Activity
Repeat word for word the lines starting at the one with "2015 HARLEY-DAVIDSON FL" and ending at the final line of the material, both ends included; omit pictures.

Provided entries
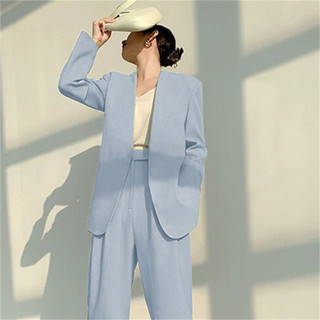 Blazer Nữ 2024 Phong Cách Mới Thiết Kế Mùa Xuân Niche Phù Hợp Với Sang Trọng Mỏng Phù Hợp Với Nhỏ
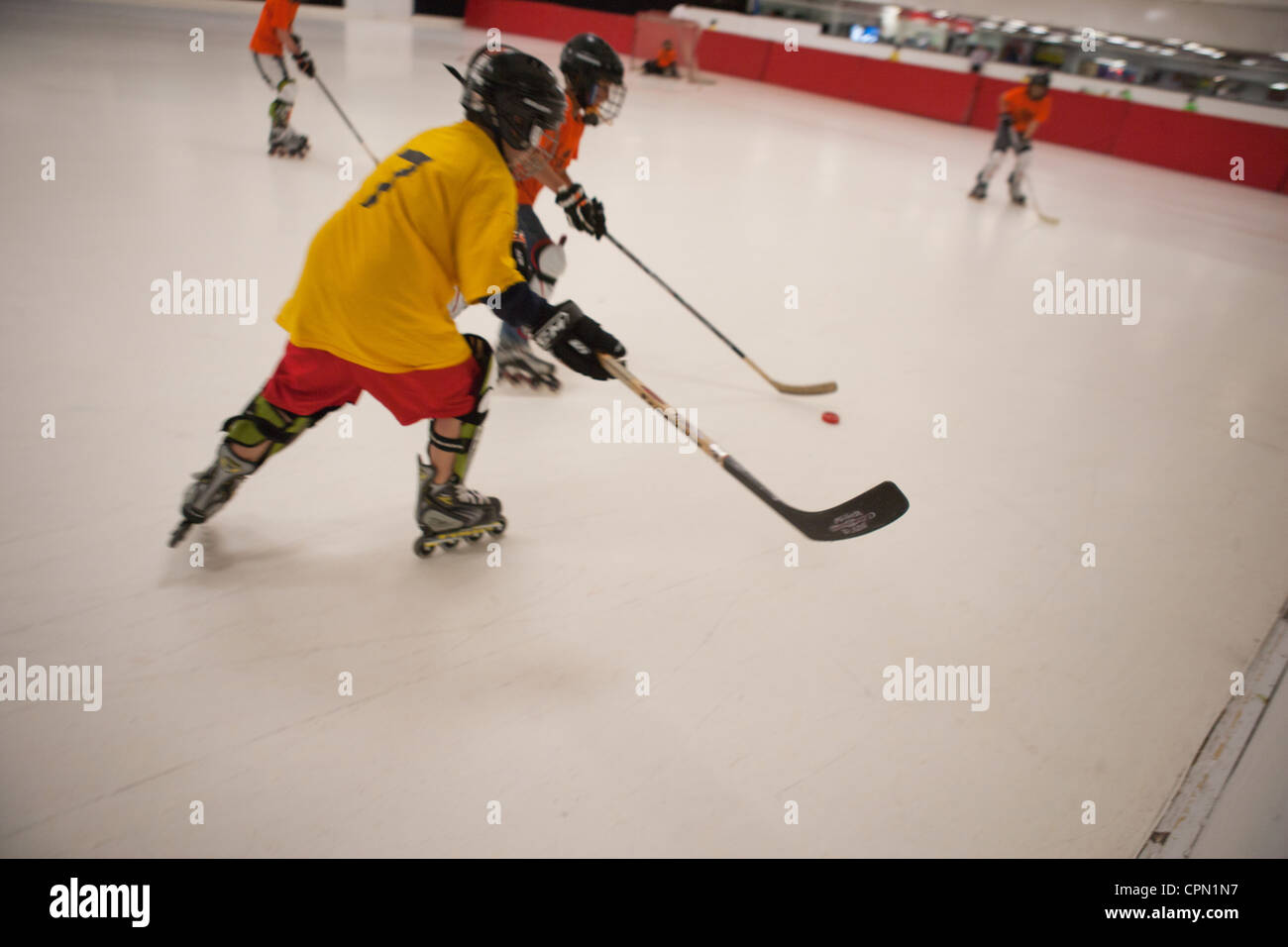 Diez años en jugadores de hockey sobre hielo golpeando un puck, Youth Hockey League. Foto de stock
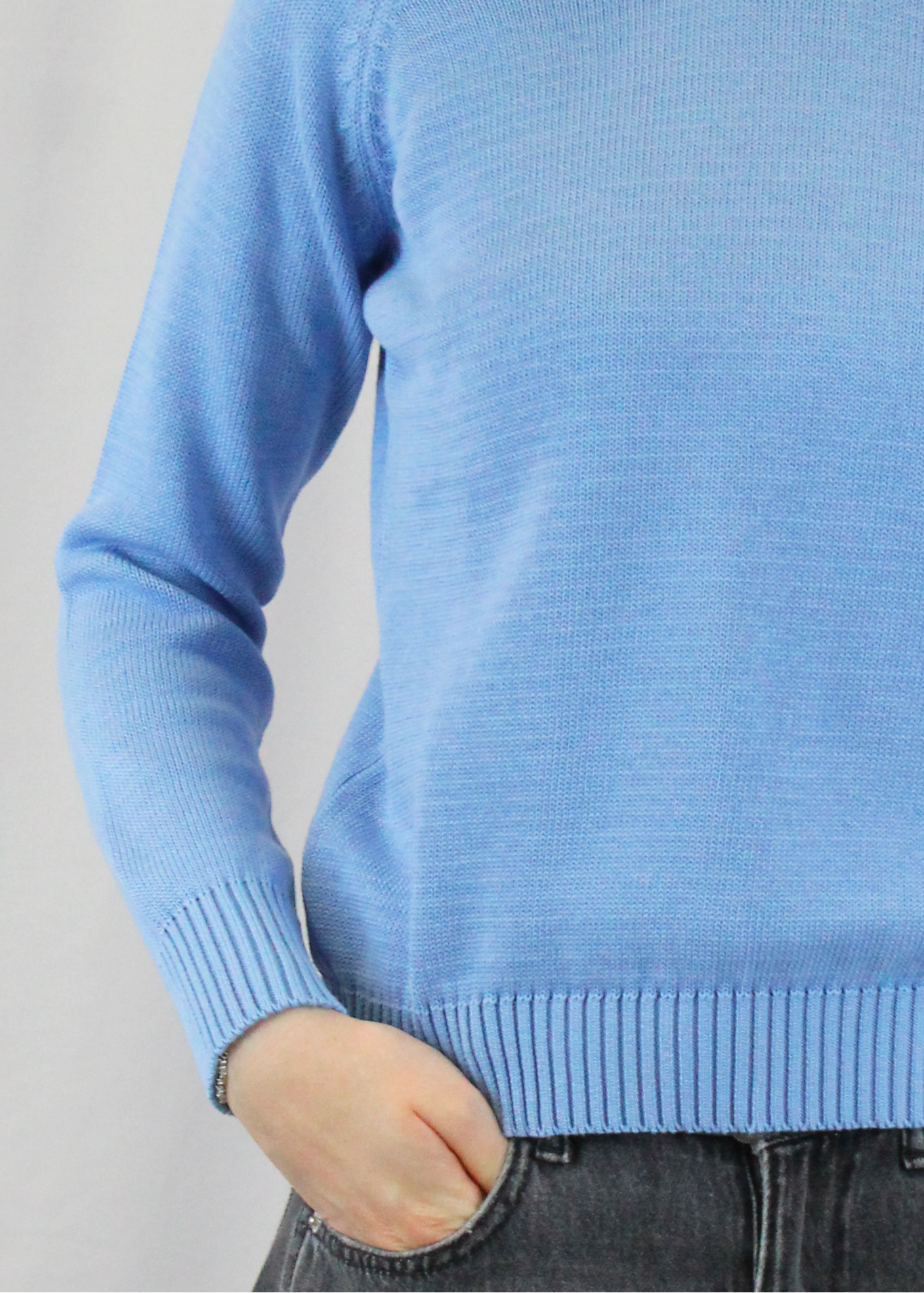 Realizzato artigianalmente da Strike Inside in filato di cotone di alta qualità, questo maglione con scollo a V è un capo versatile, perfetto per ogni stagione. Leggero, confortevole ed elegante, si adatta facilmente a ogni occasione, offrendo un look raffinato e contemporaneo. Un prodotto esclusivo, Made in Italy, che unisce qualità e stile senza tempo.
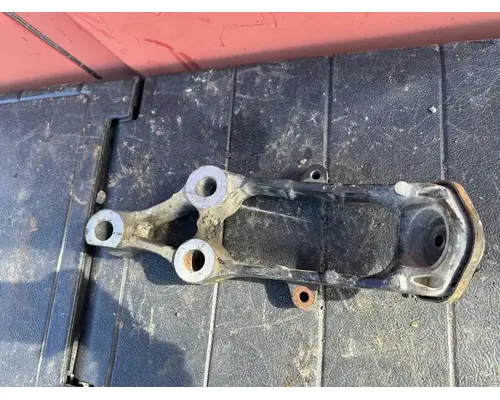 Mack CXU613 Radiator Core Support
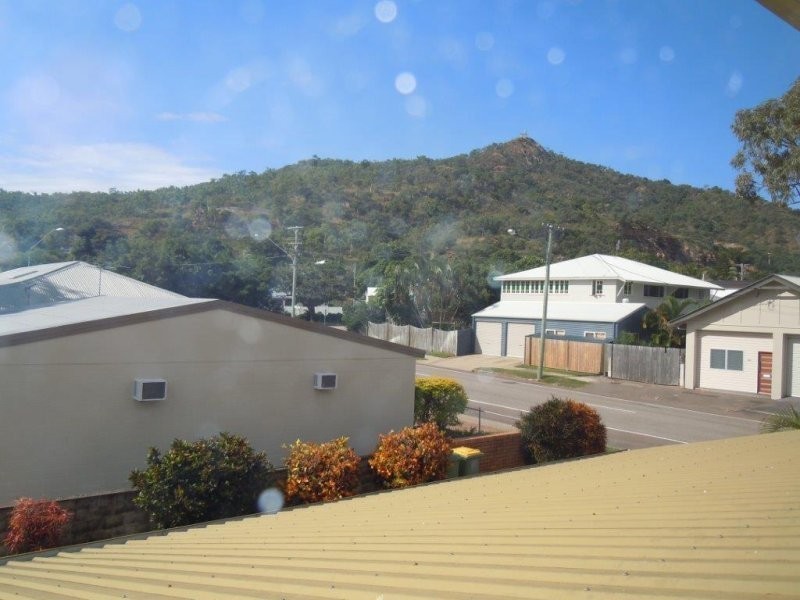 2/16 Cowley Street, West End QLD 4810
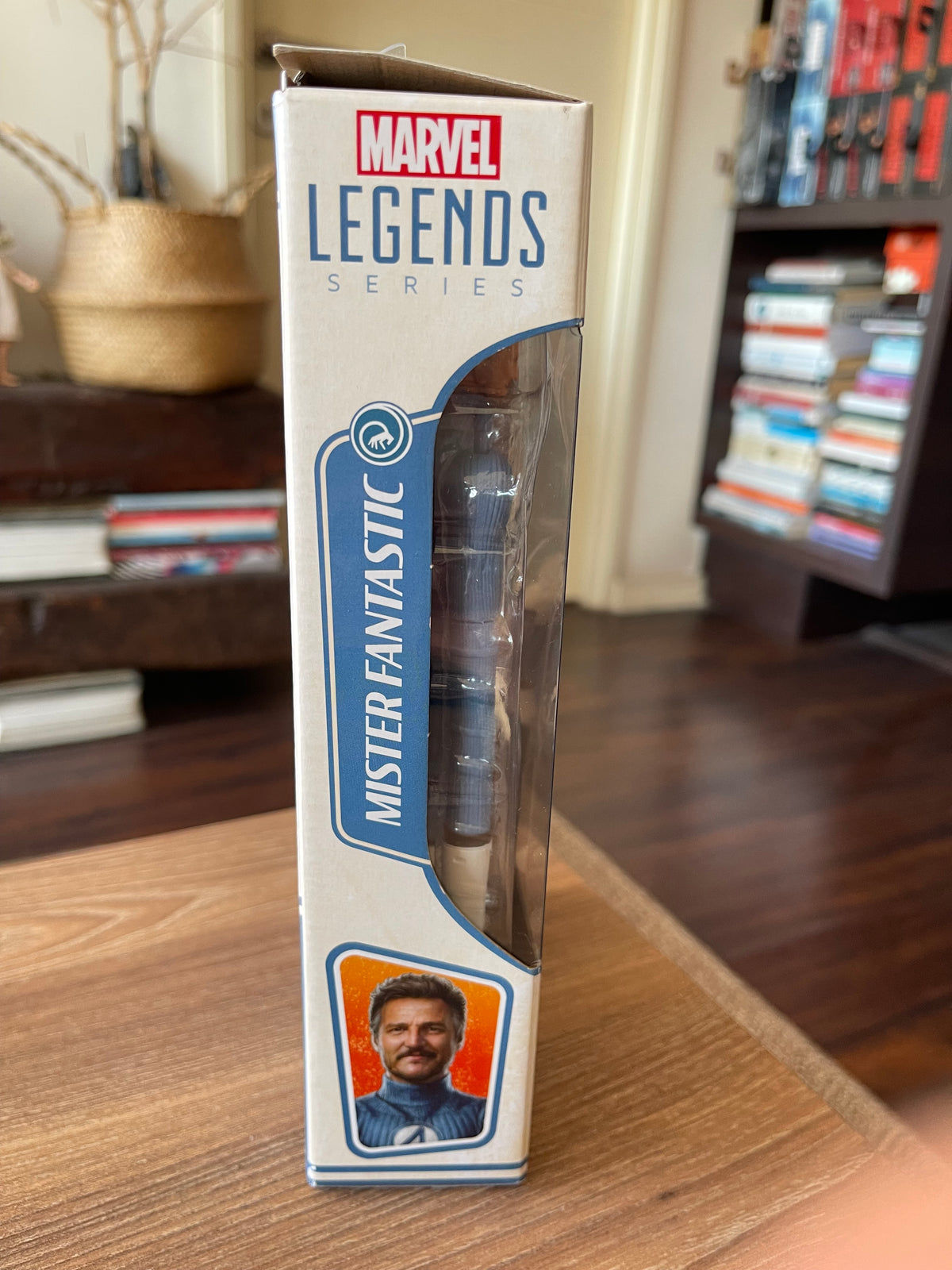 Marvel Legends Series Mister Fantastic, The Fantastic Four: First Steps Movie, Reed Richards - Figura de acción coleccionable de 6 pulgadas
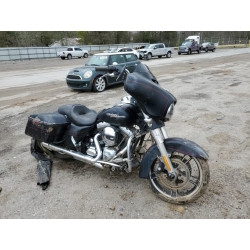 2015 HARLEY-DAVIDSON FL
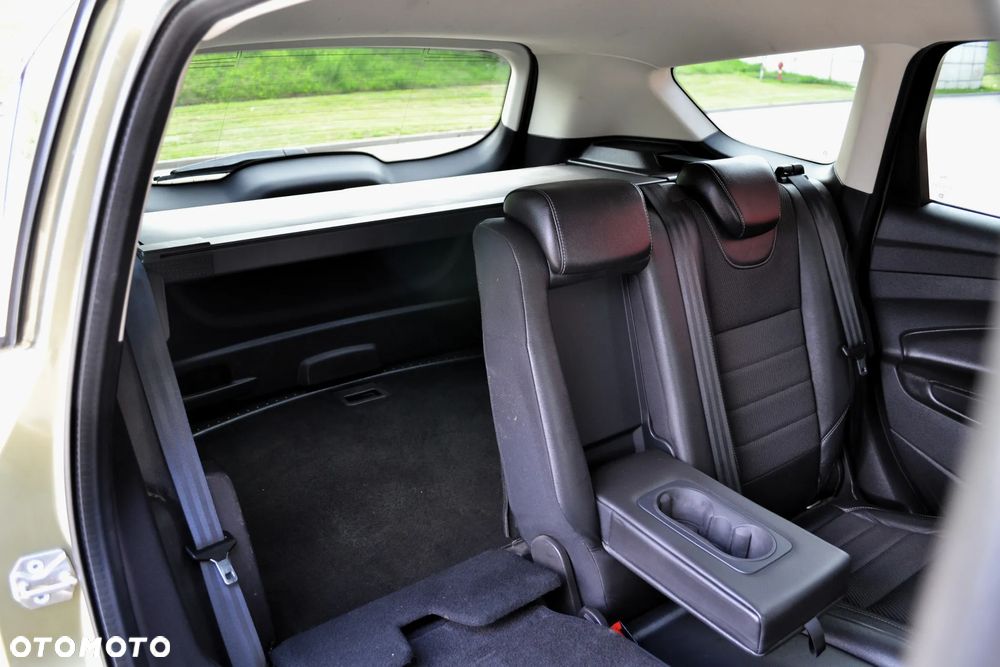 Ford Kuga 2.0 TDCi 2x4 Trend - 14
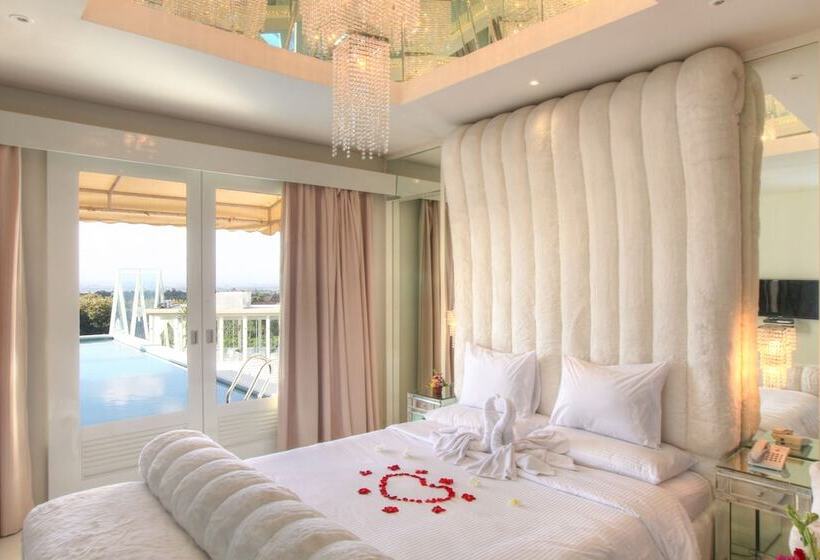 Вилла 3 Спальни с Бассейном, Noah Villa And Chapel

Task result
 2015 HARLEY-DAVIDSON FL
 Ford Kuga 2.0 TDCi 2x4 Trend - 14
 Вилла 3 Спальни с Бассейном, Noah Villa And Chapel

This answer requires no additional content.